# Ubisoft Discusses Value of Existing IPs, Hints at Impending Splinter Cell Announcement



## Ares (Nov 23, 2009)

*Ubisoft Discusses Value of Existing IPs, Hints at Impending Splinter Cell Announcement*










Ubisoft’s Jade Raymond recently shared her thoughts on innovation and existing franchises, speaking to the value of well established IPs.

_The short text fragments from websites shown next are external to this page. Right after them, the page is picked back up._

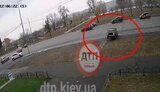 Погоня на київських Березняках: водій "Жигулів", намагаючись втекти від поліції, зачепив Hyundai, перекинувся і знову став на колеса. ВIДЕО камер спостереження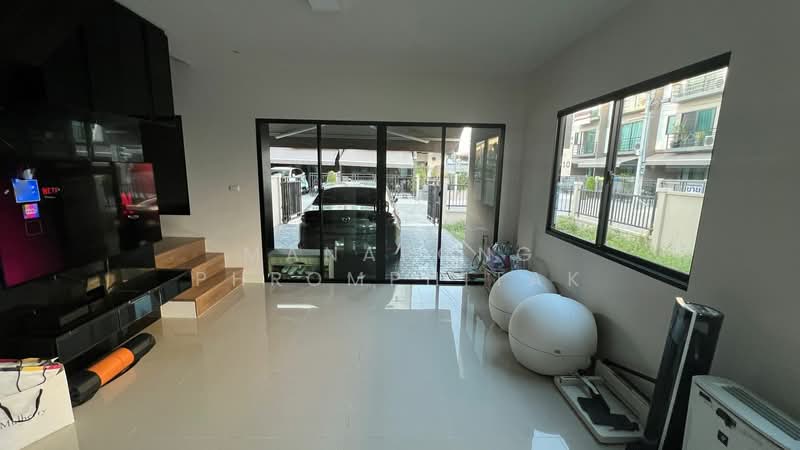 Baan Klang Muang Srinakarin – Onnut, Bangkok, 174 Soi On Nut 70/1, Prawet, Prawet, Bangkok, 3 Bedrooms, 120 sqm, Townhouse For Sale, by Manapong Phromphitak, 500232346 - DDproperty.com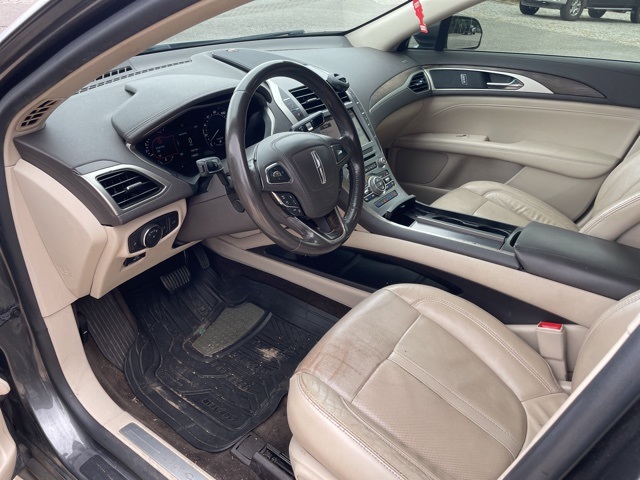 2017 Lincoln MKZ Reserve photo 8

In an interview with the Guardian, Raymond explained that starting a new franchise involves a lot of risk, pointing out that when working with a well established IP, there is a lot more room to try out new things._If you have a gamplay idea, a sequel is a really great way to try out innovation you might not be sure will work, because even if one new gameplay idea or tech you are trying to create doesn’t work, there’s still tons of other stuff the fans want to live through and play the next game for._
_
Creating a new IP is a really tough task. There’s a lot of work you have to do when you’re creating a new IP that doesn’t have to take place when you’re building on an existing franchise. You have to ask yourself many questions, and not just on the gameplay, innovation or story, but basic things like, ‘What does the character look like? What is the character’s past?’_
_
There is a lot of work that goes into creating a new IP that you just don’t need to do if you are building on an existing IP._​Raymond went on to tease _Splinter Cell _fans, saying that gamers can expect an announcement regarding the franchise “in the coming months.” Here’s to hoping that Ubisoft puts their words into practice and gives us a completely fresh and unique experience with Sam Fisher – and make it available on the PS3.

Source: PSLS


----------



## Moonfly (Aug 1, 2008)

Wheres my new Rainbow6 game addle:


----------



## Ares (Nov 23, 2009)

Moonfly said:


> Wheres my new Rainbow6 game addle:


From what little info there is available it appears to still be in the works, rumors were that it was suppose to make an appearance this past E3 but that didn't happen. So hopefully it will see a release date next year but with Ubisoft being tight-lipped it leaves many of us to only make guess here.


----------



## Moonfly (Aug 1, 2008)

Yeah it is supposed to be in the works, with enough detail in the rumours to consider that a good possibility. As with Ghost Reckon though, they dont really seem to be in that much of a rush to develop it and release it.


----------



## Ares (Nov 23, 2009)

Ubisoft has confirmed that Ghost Recon will hit the shelves on March 6,2012 unless something happens the date seems firm for now.


----------



## Moonfly (Aug 1, 2008)

They are usually pretty good at hitting dates, they just dont rush releasing them (probably why they hit them so well). Ive every faith in them, its just the waiting is a killer when its something you really want. I think there is massive room for bringing the last title upto date, with a decent graphical step up like the one we see with the Elder scrolls games.


----------



## Ares (Nov 23, 2009)

Agreed, Speaking of Elder Scrolls I'm really looking forward to Skyrim which I have on pre-order but your right when your looking forward to getting your hands on game the wait seems unbearable.


----------